Ben Garrison volvió tarde al Ritz-Carlton. Encontró la puerta de servicio en el callejón de atrás y tomó el montacargas hasta el piso catorce. Esa mañana había discutido con el recepcionista porque quería cambiarse a otro piso. Se mirara como se mirara, el piso catorce seguía siendo el piso trece. Tenía que haber disponible otra suite que hiciera esquina. Pero ahora ya no le importaba. Había recuperado su buena suerte. Nada podía salir mal. Cuando aquellas fotos llegaran a los quioscos, volvería a ser el puto amo.
En cuanto entró en su habitación tiró la mochila sobre la cama y se quitó la ropa; la guardó en una bolsa de lavandería del hotel y dejó la bolsa junto al resto de la basura que tiraría por la mañana. Metió las botas en la bañera para limpiarlas más tarde y se puso el mullido albornoz que el maravilloso personal de limpieza había dejado, limpio y fresco, tras la puerta del cuarto de baño.

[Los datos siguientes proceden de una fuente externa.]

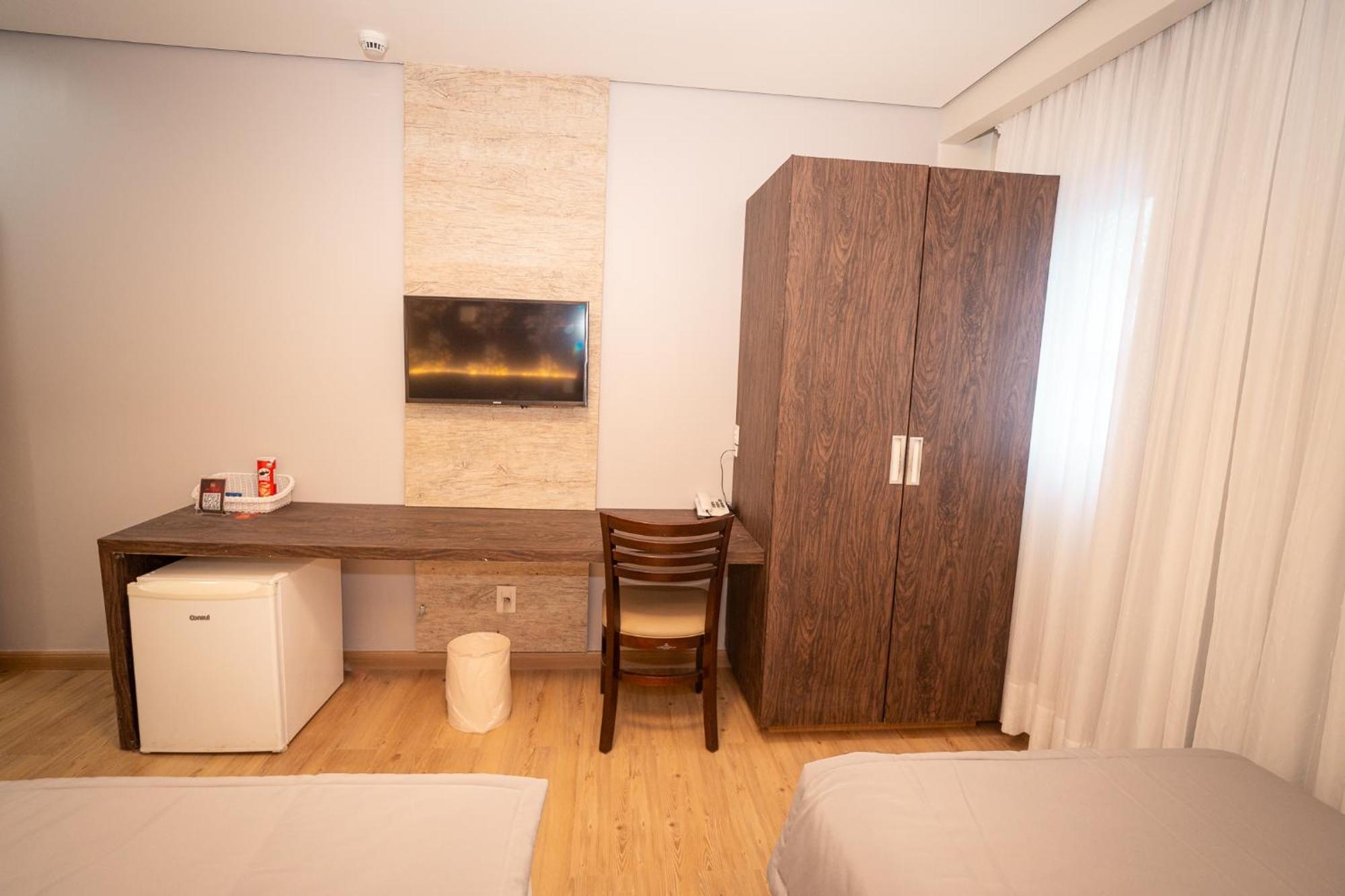 Hotel Girassol Plaza Palmas  Kültér fotó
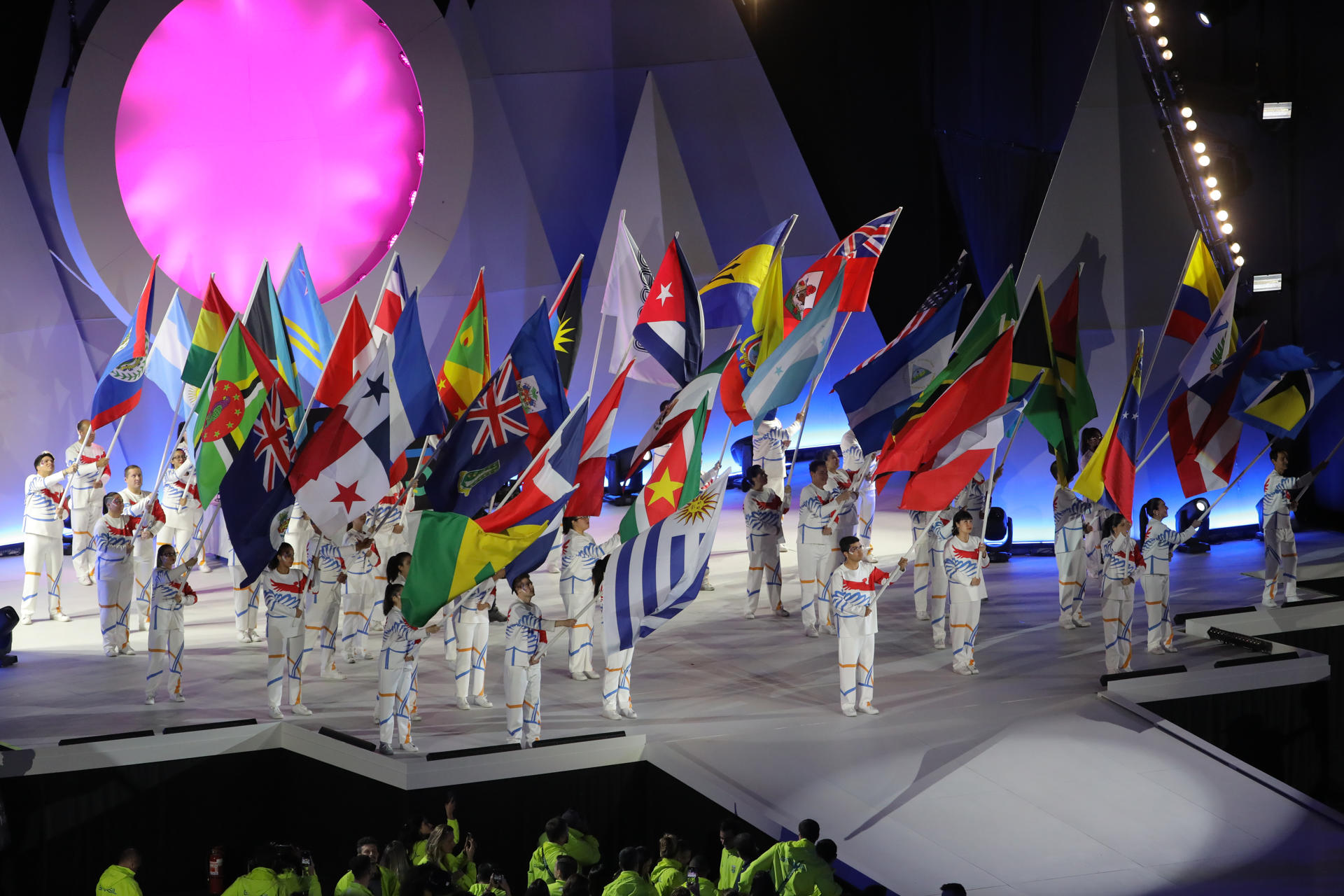 Estados Unidos, Brasil y México, los países que más cupos ganaron para París 2024 en Santiago 2023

Había llevado una cubeta y líquidos suficientes para revelar la película. Podía sacar los contactos de las fotos que quería vender. De ese modo, no tendría que llevarlas a una tienda de revelado rápido, y ningún chaval con la cara llena de granos se acojonaría al verlas.

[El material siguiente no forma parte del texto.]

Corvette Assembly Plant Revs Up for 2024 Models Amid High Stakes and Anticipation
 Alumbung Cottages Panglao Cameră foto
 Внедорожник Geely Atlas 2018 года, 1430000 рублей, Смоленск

Mientras sacaba todo lo que necesitaba, llamó al servicio de habitaciones. Pidió pato asado, tarta de queso con chocolate y arándanos y la botella de Sangiovese más cara que había en la lista de vinos. Luego marcó el número de su casa para escuchar sus mensajes. Después de la aparición del National Enquirer, esperaba la llamada de otros editores de los que no tenía noticias desde hacía años y que sin duda fingirían de pronto ser sus mejores amigos.
Tenía razón. Había quince mensajes. El puto contestador sólo admitía dieciocho. Agarró la libreta con el membrete del hotel y empezó a repasar la lista. Apenas pudo refrenar una sonrisa, y finalmente rompió a reír al escuchar los dos mensajes de Curtís. En el primero, quería saber por qué no le había dado la exclusiva a él y, en el segundo, le decía que le pagaría más que cualquier otro si tenía algo más. Sí, la vida volvía a sonreírle.

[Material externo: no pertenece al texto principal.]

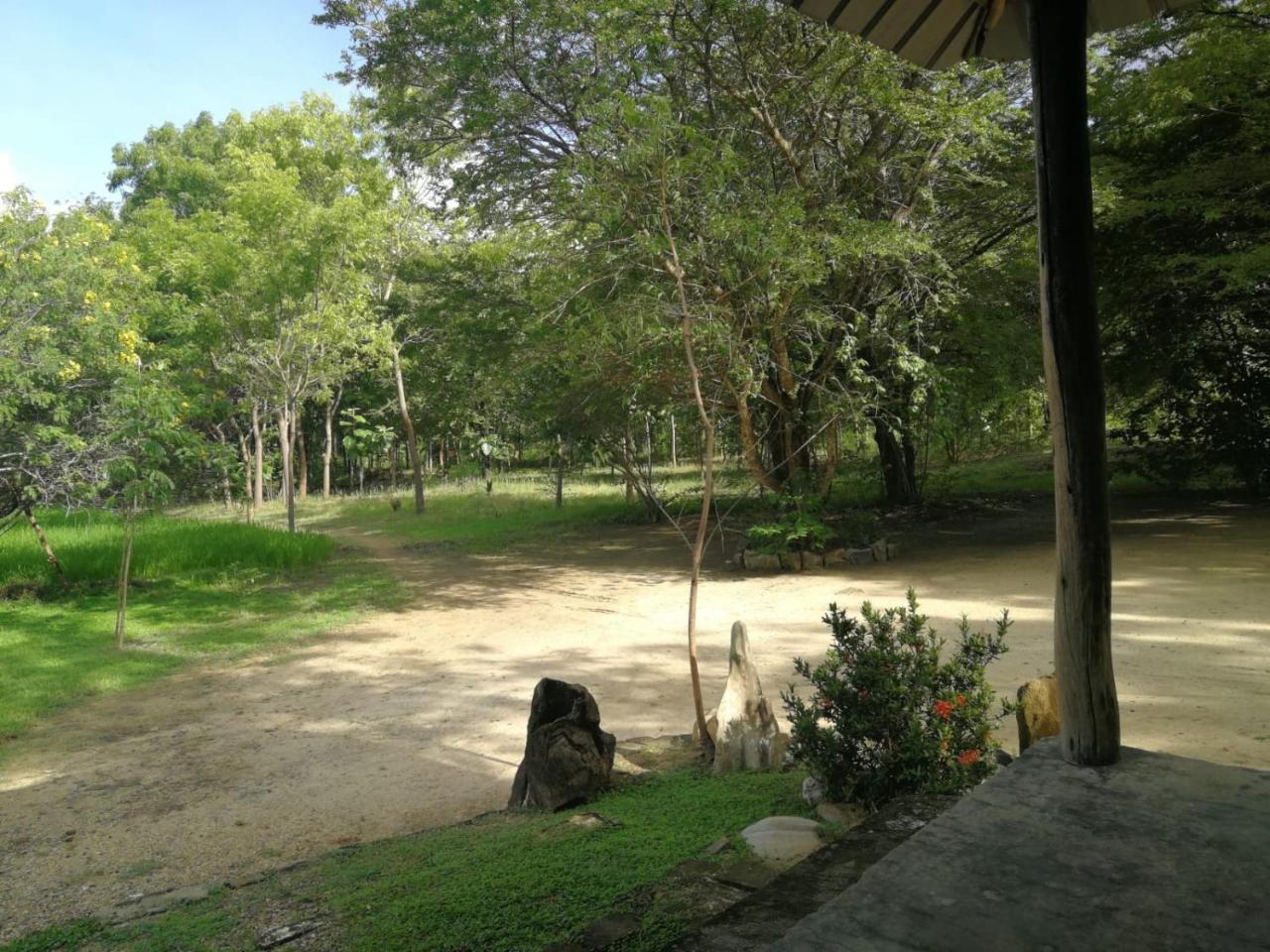 Sahana Retreat Buttala Exterior foto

Uno de los mensajes era de su vieja amiga la detective Julia Racine. A Ben no le extrañó tener noticias suyas. A diferencia de los demás, Racine no perdía el tiempo dándole jabón, ni intentando congraciarse con él. Por el contrario, amenazaba con arrestarlo y denunciarlo por obstrucción a la justicia. ¡Joder! Sólo oír su voz lo ponía cachondo. Sobre todo, cuando decía tacos. Oírla llamándolo mamón le produjo una erección increíble. Volvió a escuchar el mensaje sólo para disfrutar de aquella sensación. Luego decidió guardarlo para futuros usos, en lugar de borrarlo.
Hojeó su librito negro y se le ocurrió de pronto que tal vez pudiera compensar a la detective Racine. A pesar de que le encantaba que lo llamara mamón, no le importaría beneficiarse de uno de aquellos quid pro quo por los que era famosa. Por su tono de voz, estaba claro que hacía algún tiempo que Racine no echaba un buen polvo; ni con un hombre, ni con una mujer. Y Ben tenía que admitir que lo de esa noche le había puesto a tono. Estaba seguro de que se le ocurriría alguna proposición que a Racine le resultara tan interesante como a él.
Por fin encontró el teléfono que estaba buscando y empezó a marcar el número de Britt Harwood, del Boston Globe. Era tarde, pero ganaría tiempo dejándole un mensaje. Qué demonios, incluso podía ofrecerle una primera muestra de aquella exclusiva. Sonrió, pensando en la cara que pondría Harwood cuando le enseñara los contactos en los que aparecían aquellos buenos chicos cristianos manoseando y desgarrando la ropa a unas cuantas mujeres en medio del Boston Common.